Hand-pollinate the flowers if you want your plants to fruit.
Transplant Tomatoes Outdoors Come Spring.
When spring returns and temperatures are consistently above 55 degrees Fahrenheit, harden off your plants over a week or two by moving them outdoors during the day and inside at night.
When your plants can tolerate full sun and outdoor weather, position their pots in a sunny spot or transplant them back into your veggie beds. Soon enough, you’ll be harvesting more tomatoes from your overwintered plants.
How to Overwinter Outdoors
While cool weather gardeners need to overwinter tomato plants indoors, gardeners in USDA growing zones 10 and up can overwinter tomatoes right in their gardens.
This method works for both potted tomatoes and tomatoes in inground and raised beds, although potted plants may need a little more insulation. For best results, choose cold-hardy tomato varieties for overwintering.
Prepare your plants: To get your tomatoes ready for winter, stop fertilizing your plants in late summer to early fall, but continue to water your plants regularly.
Do some pruning: Before temperatures dip, prune away any new growth on your tomatoes and cut your plants back so that you’re left with just a foot or two of the plant’s main stems.

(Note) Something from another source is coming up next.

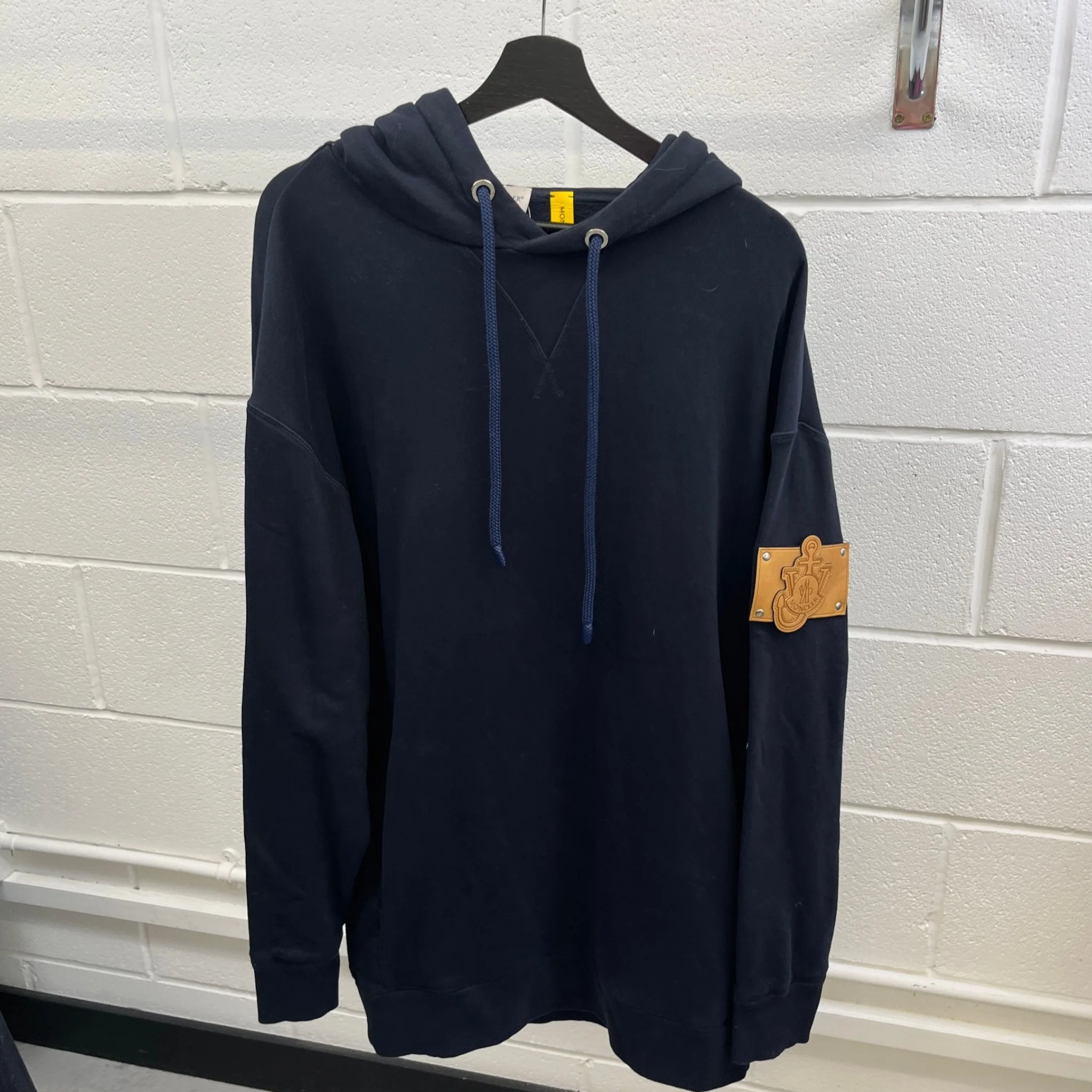 Men's X Jw Anderson Hoodie Navy Size S - Image 11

Insulate your tomatoes: Add a 2 to 3-inch layer of natural mulch around the base of your plants to protect the roots from cold.

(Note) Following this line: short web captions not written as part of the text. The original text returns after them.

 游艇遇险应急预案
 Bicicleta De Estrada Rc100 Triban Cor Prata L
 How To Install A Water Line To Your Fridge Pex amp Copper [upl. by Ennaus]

Uncover plants in spring. When spring returns and the danger of frost has passed, go ahead and uncover your plants, rake away excess mulch, and start tending your tomatoes as usual!
How to Overwinter With Cuttings
If you don’t want to overwinter entire tomato plants, you can propagate your favorite tomatoes from stem cuttings or tomato suckers. This technique is a great space saver and can also help you salvage tomato plants damaged during the growing season.
Take your cuttings: Before frost arrives, head out into your garden and take 4 to 6-inch long cuttings from your tomato plants.
Propagate the cuttings in soil or water: Inspect cuttings carefully for pests, pinch off the flowers and damaged leaves, and remove any leaves that are growing from the lower portion of your cuttings.
For water propagation, fill a clear glass container with an inch or two of water and place your cuttings in the water so that the cut stem ends are fully submerged and the leaves are above the water line.
For soil propagation, dip the cut stem ends of your cuttings into rooting hormone, plant the cuttings 1 to 2 inches deep in pots filled with potting mix or seed starting mix, and cover the cuttings and pots with clear plastic bags to conserve humidity.
Care for your plants through winter. Place your cuttings in a warm spot that receives bright, indirect light, and continue to care for your cuttings for a few weeks until they root.
Transplant tomatoes outdoors in spring. Once your plants are properly hardened off, transplant them into pots or your garden beds.
Why Should You Overwinter Tomatoes?
Overwintering tomatoes is a fun experiment, but it has a few major advantages too.
By keeping tomatoes alive through winter, you can extend your growing season significantly.
You can harvest tomatoes earlier the following year.
Overwintering tomatoes can save you money.
It's a great way to preserve hard-to-find and heirloom tomatoes, as well as your favorite and most productive plants.
5 Cold-Hardy Tomato Varieties
While frost hardy tomatoes don’t exist, some tomatoes are more cold tolerant than others. If you want to extend your tomato growing season or overwinter tomatoes outdoors in mild climates, these cold tolerant tomato varieties are hard to beat!
Glacier. With an impressively long harvest season, ‘Glacier’ is one of the first tomatoes to fruit in summer and the last tomatoes to fruit in fall!
Moskvich. An early-season favorite, ‘Moskvich’ is resistant to cracking and grows well in greenhouses.
Siberian. Undeterred by the cold, ‘Siberian’ continues to fruit even when temperatures drop to 38 degrees Fahrenheit!
Sub-Arctic Plenty. One of the fastest growing heirlooms you can find, ‘Sub-Arctic Plenty’ is ready to harvest just 42 days after transplanting.
Oregon Spring. Another early producer, ‘Oregon Spring’ is resistant to verticillium wilt and produces fruit about 60 days after transplanting.